2011年5月10日火曜日

新人教員として高校で働き始めた元ゼミ生からのメール

先日、中学校で働き始めた新卒ゼミ生からのメールを掲載しましたが、今度は高校で働き始めた新卒ゼミ生からメールをもらいました。彼女もこの3月に学部を卒業したばかりです。新人教員がどう育つか、周りがどう育てるかというのはとても大切な事なので、本人の許可を得てここで掲載します。


柳瀬先生

お久しぶりです。お元気ですか?

4月になり、社会人になって「先生」として毎日学校に行くようになりました。「右も左もわからないということはこのことなんだ!」と日々感じました。
1か月経って、「何にもわからない」から「わからないことがたくさん」と思えるようにくらいには慣れました。

お察しのことと思いますが、私はこの1カ月よく泣きました(笑)(生徒の前では泣いてません)

社会人になってからよく長電話をするようになりました。
辛くなったときに話を聞いてくれたり心配してくれる友だちがいてくれて本当に良かったと思います。
大学で得たものの中で一番大切で大きなものです。

悩んでも辛くても止まれません。
授業は毎日あって、その50分は私がいないとどうしようもありません。
お給料をもらっている以上果たすべき責任を果たさなければいけません。

大学生はそれに比べると時間があります。自分で自由に調整できる時間があります。
今となっては、進路や勉強や人間関係について、時に立ち止まってじっくり考えることのできた大学時代はとても貴重な時間だったんだなと思います。

授業は課題点だらけです。
しかも「わかっている」のにできないことが多いのです。
目標のある授業、生徒の活動がメインの授業、達成感のある授業・・・
理想を口にするのは容易いけれど、それを実現するのはとても難しいということを痛感しています。

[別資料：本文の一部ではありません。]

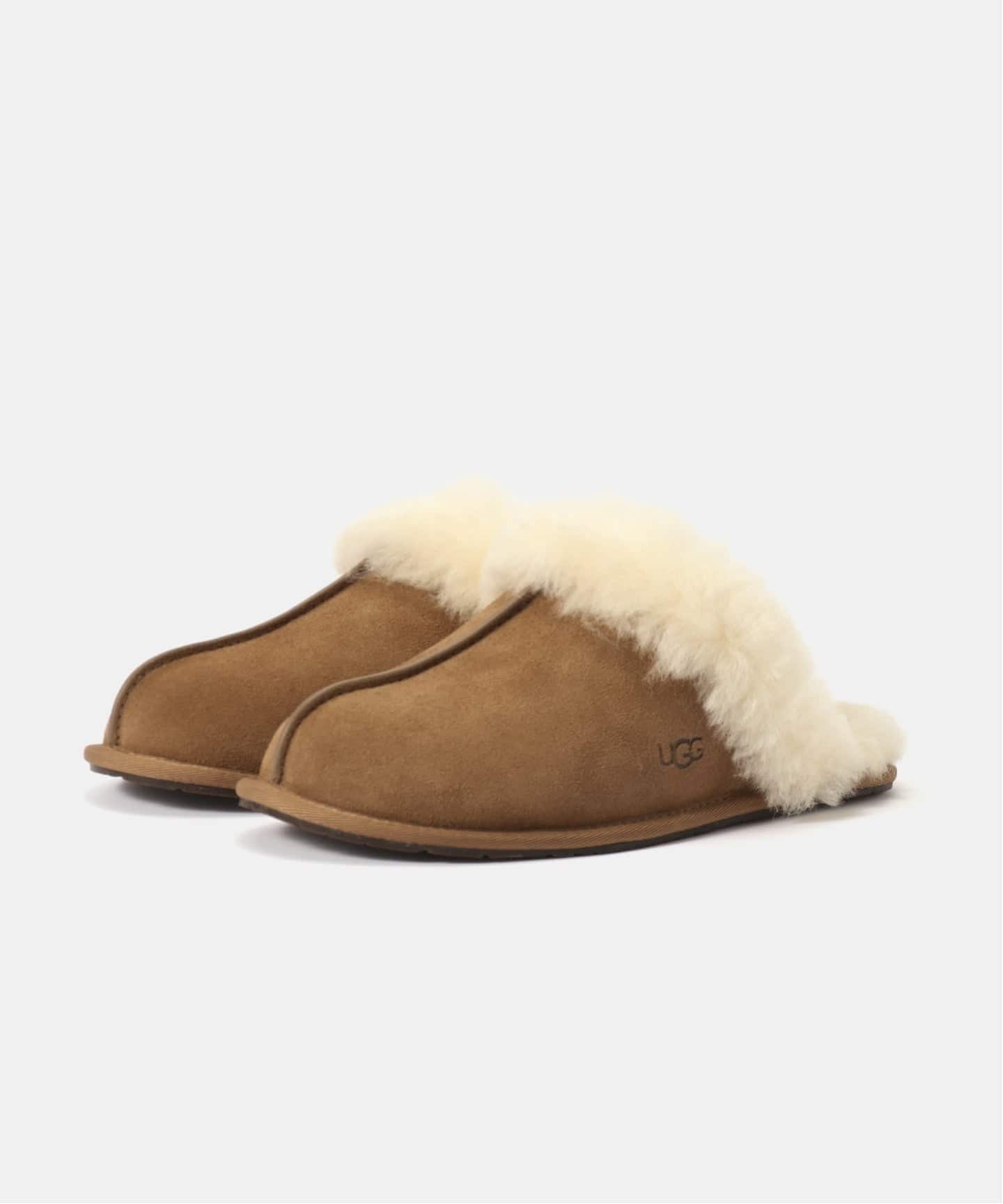 UGG W Scuffette II 1106872-CHE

今私は目標や活動(what)を考えるだけで精いっぱいになっていますが、whatを実行するためには、そのためのステップをどう置くのか・そのステップをどう踏むのかというhowも考えなければなりません。
考えれていないのが現状です。

社会人1年目、教員1年目。
当たり前のことですが、ベテランの先生方と比べると、授業力・指導力は格段に低いです。

しかし、毎日授業があり、生徒の50分間に責任を持っています。
「授業力の不足を補うにはどうすればいいのか」「生徒を授業に引き付けるだけの力量がないならどうすればいいのか」と考えた時に、新人の私にできることは「しょうがないけえ、授業聞いちゃろうかぁ。協力しちゃろうかぁ」と生徒に思わせることかなと思いました。

教員1年目。
しかし、自分という人間としては22年目です。
「高校教師に必要なのは教科指導力」と言われますが(もちろんその通りでしょう。私にまだまだ不足している「教科指導力」をこれから高めなければなりません)教育は人と人との関わりの中で行われる以上、人間性は必ず問われます。
教員として自信が持てない部分は、自分という人間としてとして勝負しようと思っています。

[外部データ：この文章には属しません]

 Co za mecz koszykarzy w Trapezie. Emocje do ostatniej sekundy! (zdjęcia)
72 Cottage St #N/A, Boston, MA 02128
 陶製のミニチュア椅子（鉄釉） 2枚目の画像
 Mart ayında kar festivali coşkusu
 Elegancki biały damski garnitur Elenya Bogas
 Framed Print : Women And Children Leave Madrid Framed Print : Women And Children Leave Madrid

具体的には、まず私が学校と授業を楽しむことが目標です。
これが私の今目指すべきステップです。

「楽しむこと」は肩に力が入りすぎていて忘れていたことであり、失敗や課題が積み重なる中でできなくなっていたことです。

手さぐりは続きます!

まだまだ書ききれていないことがたくさんあるので、また先生とお話ししたいと思います。
その時には、よろしくお願いします。
泣くかもしれませんが(笑)

季節の変わり目なので、お体にお気を付けください。

Y.Y.




社会人一年生というのは、もうそれだけで大変ですが、教員の場合、授業ではいきなり一人きりで教えます。当たり前だと思われるかもしれませんが、民間の会社でしたらたとえば新人がいきなり一人で営業周りをすることはないでしょう(少なくもともしっかりした会社では)。民間会社では、まず実際の仕事を離れた純粋な研修期間を経て、それから先輩社員に付き添う形で少しずつ仕事を覚えてゆきます。一人だけで仕事をするのはある程度の月日がたってからです。

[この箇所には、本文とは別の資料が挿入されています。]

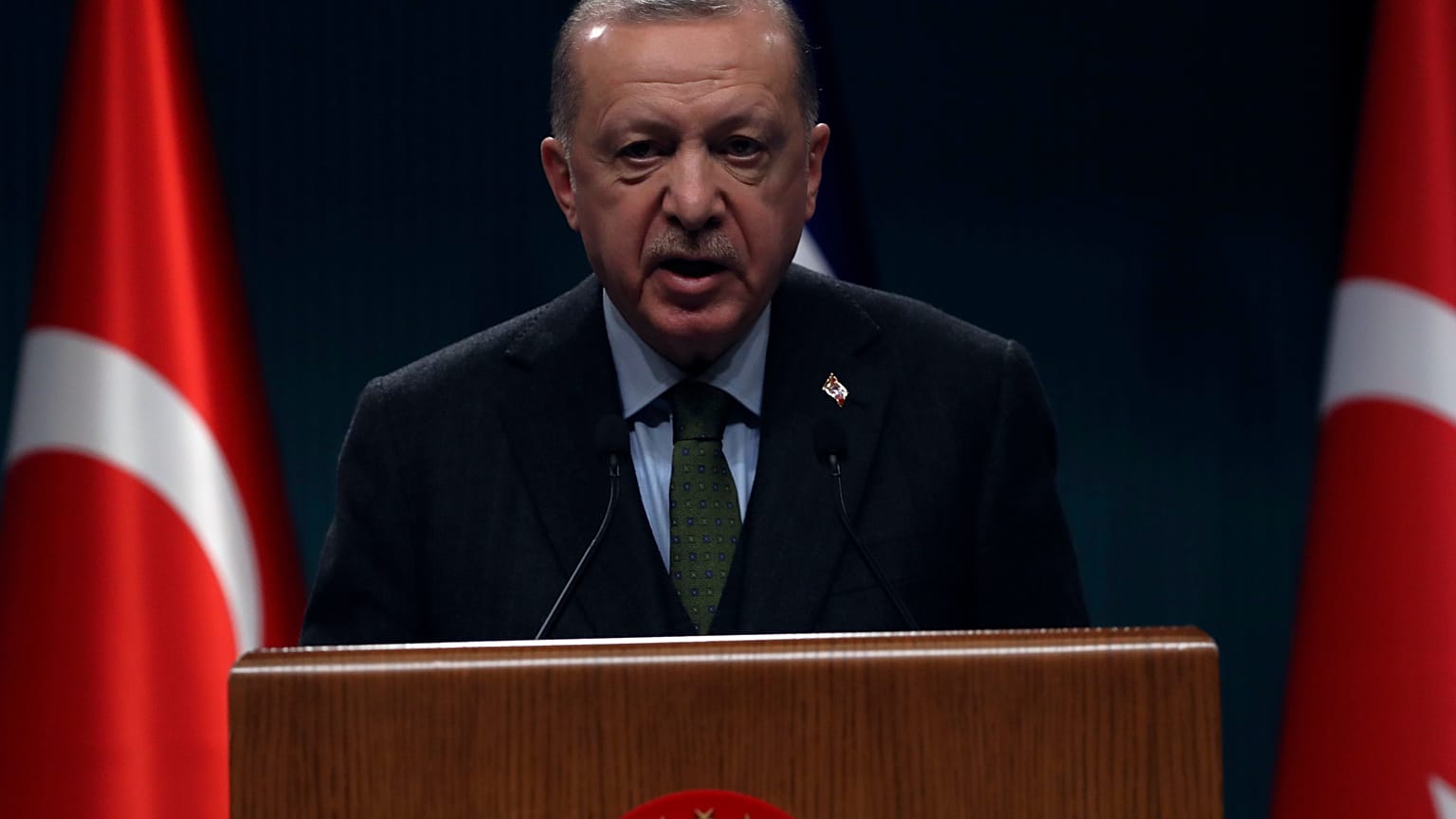 الرئيس التركي رجب طيب أردوغان خلال مؤتمر صحفي مشترك مع الرئيس الإسرائيلي إسحاق هرتسوغ في أنقرة، تركيا.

しかし新人教員は、校務分掌の仕事もよくわからないまま、いきなり仕事場の最前線に放りこまれます。ベテランでも手を焼く教育困難校と言われる学校でも、授業中は一人で生徒を掌握しなければなりません。

「新任研修」といったものはありますが、業務の合間に研修に出たりしなければなりませんから、民間会社の純粋な研修とずいぶん違います。新人教員の一年目はしばしばかなり過酷です。

教員は児童・生徒を大切に育てることが仕事ですが、各自治体・教育委員会は大切に新人教員を育てているでしょうか。

新人教員の待遇改善のために具体的に行動できていない自分を恥ずかしく思います。